One of the fastest approvals ever obtained for a drug by the FDA was for imatinib (imatinib mesylate [Gleevec], from Novartis) for the treatment of chronic myelogenous leukemia (CML). Although the incidence of CML is low, the rate of cure with conventional treatment is poor. Gleevec is a tyrosine kinase inhibitor and affects only the leukemic cells that are caused by fusion of two genes, bcr and abl, a chromosomal shuffling between chromosomes 9 and 22. Although expensive, Gleevec, an oral drug, led to remission in 90% to 95% of CML-relapsed patients. However, it has not worked well in blast crisis.
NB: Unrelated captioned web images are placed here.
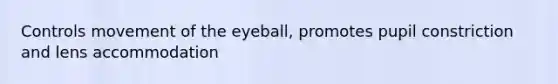 Controls movement of the eyeball, promotes pupil constriction and lens accommodation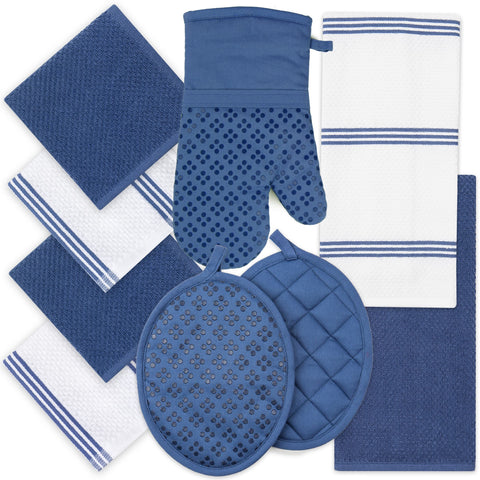 Sticky Toffee dark blue terry towels absorb spills quickly and feel plush.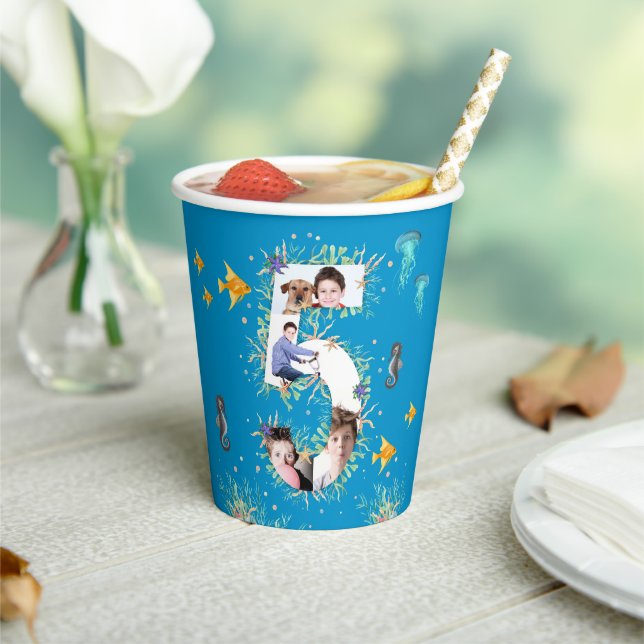 Gobelets En Papier Big 5th Under the Sea Anniversaire Photo Collage (Insitu)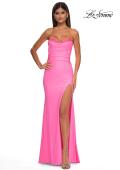 Picture of: Strapless Prom Dress with Ruching and Lace Detail Neckline and Back in Bubblegum Pink, Style: 32981, Detail Picture 4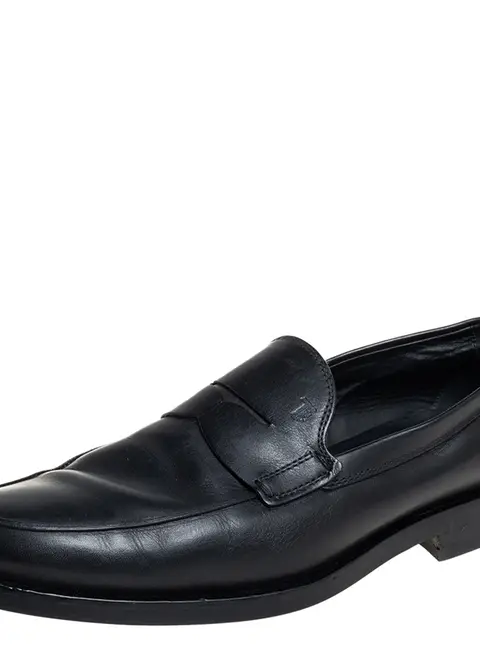 Tod's Black Leather Slip On Loafers Size 41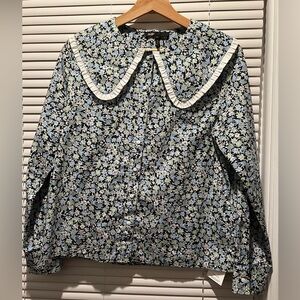 Maje Button up frill collar shirt
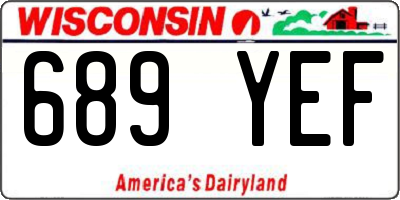 WI license plate 689YEF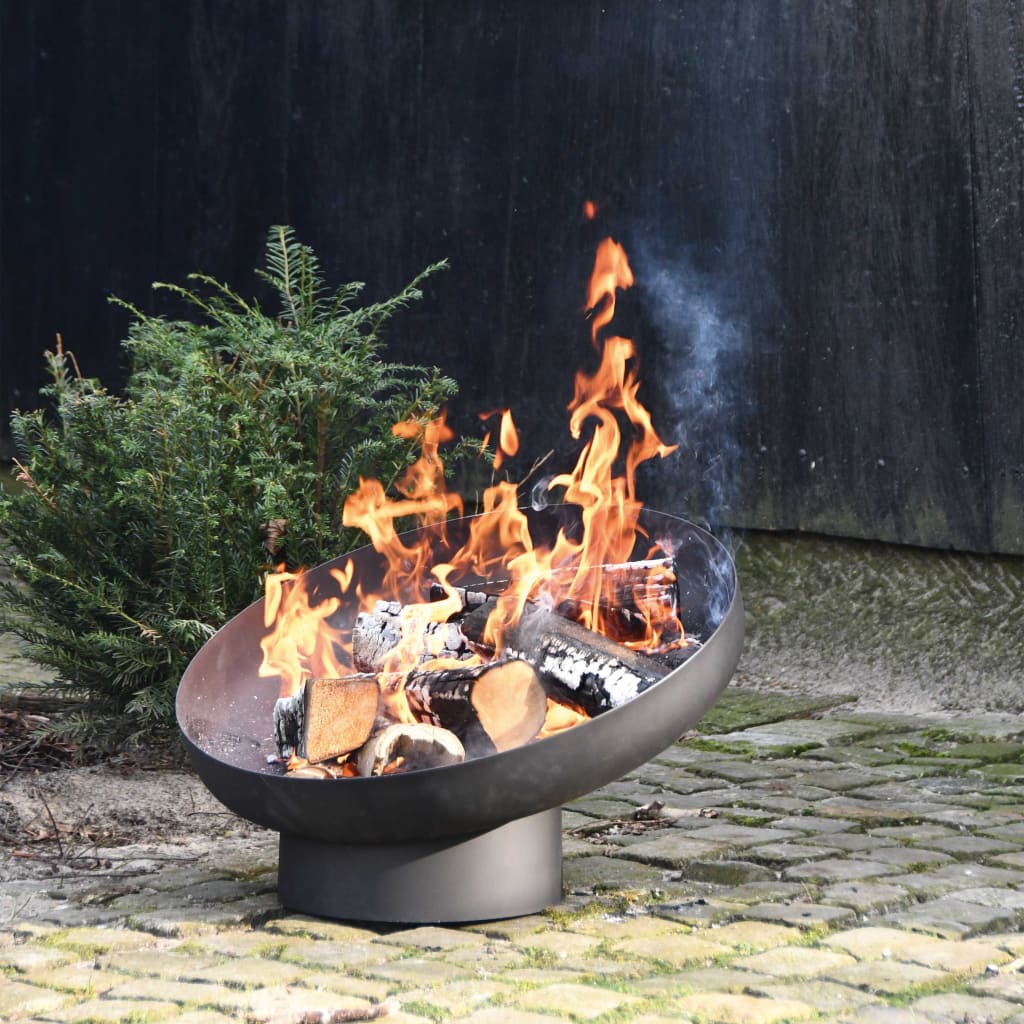 Esschert Design Bol Pentru Foc Înclinat, Negru, Oțel Ff402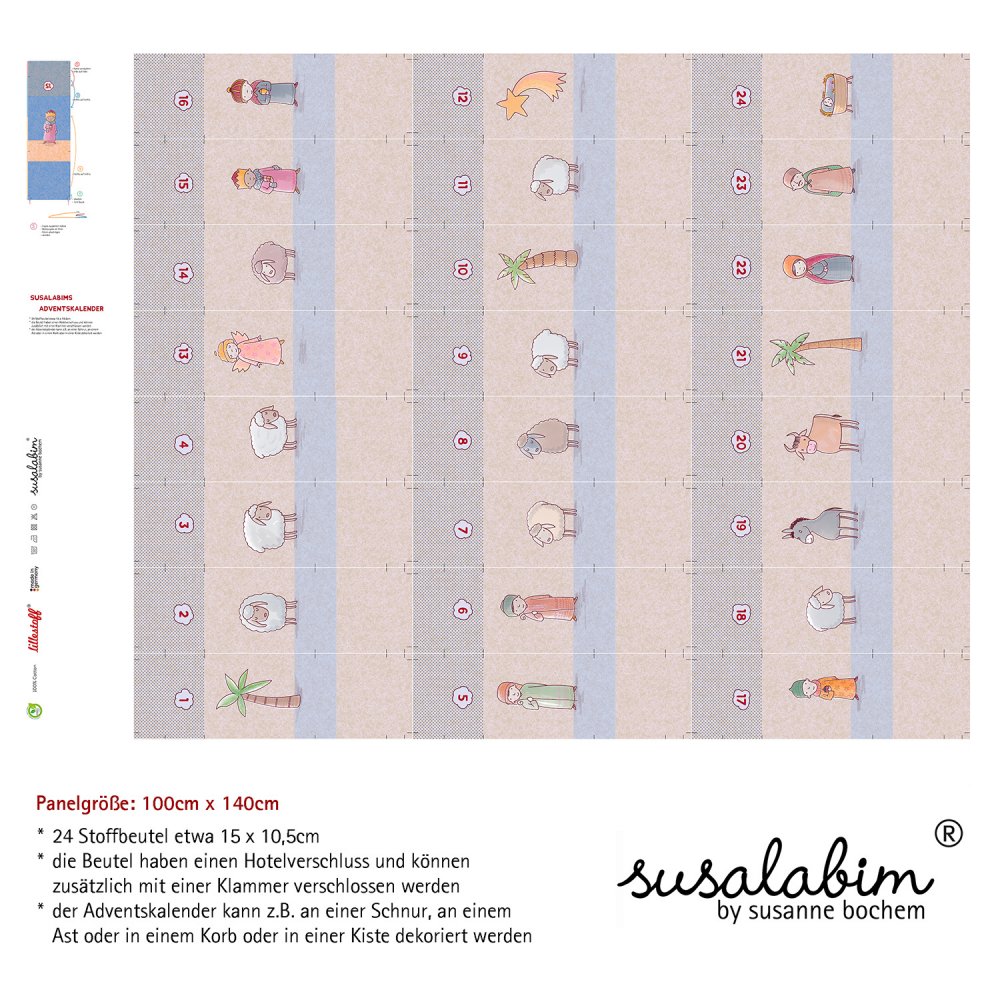 Webware SUSAlabims Adventskalender Krippenspiel hell Baumwolle 1Panel - zum Schließen ins Bild klicken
Current activities of the CytRx Corporation are concentrated in the development of small molecule drugs, RNAi drug discovery and DNA vaccines and a delivery technology with multiple applications in the area of DNA vaccine and gene therapy. Its proprietary poloxamer compound, TranzFect, has revealed good results regarding its transfection ability, immunoadjuvant activity and toxicity profile as prerequisites for DNA-based vaccines. This company also participates in the development of gene-silencing technologies for treatment of Amyotrophic lateral sclerosis, type II diabetes, CMV retinitis, obesity, and cancer. Targeting of the epidermal growth factor (EGF) receptor by pegylated immunoliposomes carrying a plasmid coding for the shRNA prolonged the survival of mice with intracranial human brain cancer (Zhang et al. 2004). The observation that encapsulated oligonucleotides readily passed the blood-brain barrier, encourages the development of NA-based therapies for neurodegenerative diseases (reviewed by Sa, 2004).

Conclusions

In the nanotechnology field, aptamers have the potential to act as targeting molecules by directing the delivery of nanoparticles to antigens present on the surface of target cells. In general terms, therapeutic nanoparticles are components of specialized delivery vehicles of an encapsulated drug. Drug release should occur in a regulated and defined manner. Depending on the therapeutic demand, such devices are designed to ensure continuous or immediate drug release. The combination of targeted delivery and controlled release of drugs at affected tissue sites will lead to the development of “smart therapeutics”, which are more effective and will have less undesired side effects than drugs available today. Several studies have shown that nanoparticles can be attached to NAs in a way that NA-binding properties to their targets are preserved, thus reducing their potentially associated deleterious side effects. These new approaches can supplement the conventional chemotherapy and radiotherapy in cancer treatment, prevent drug resistance and damage to normal tissues. In view of the impact of the genomic revolution on improving medicines and healthcare, state-of-the-art NA carriers together with highly specific oligonucleotide drugs may help in reducing the side effects of drugs during therapy.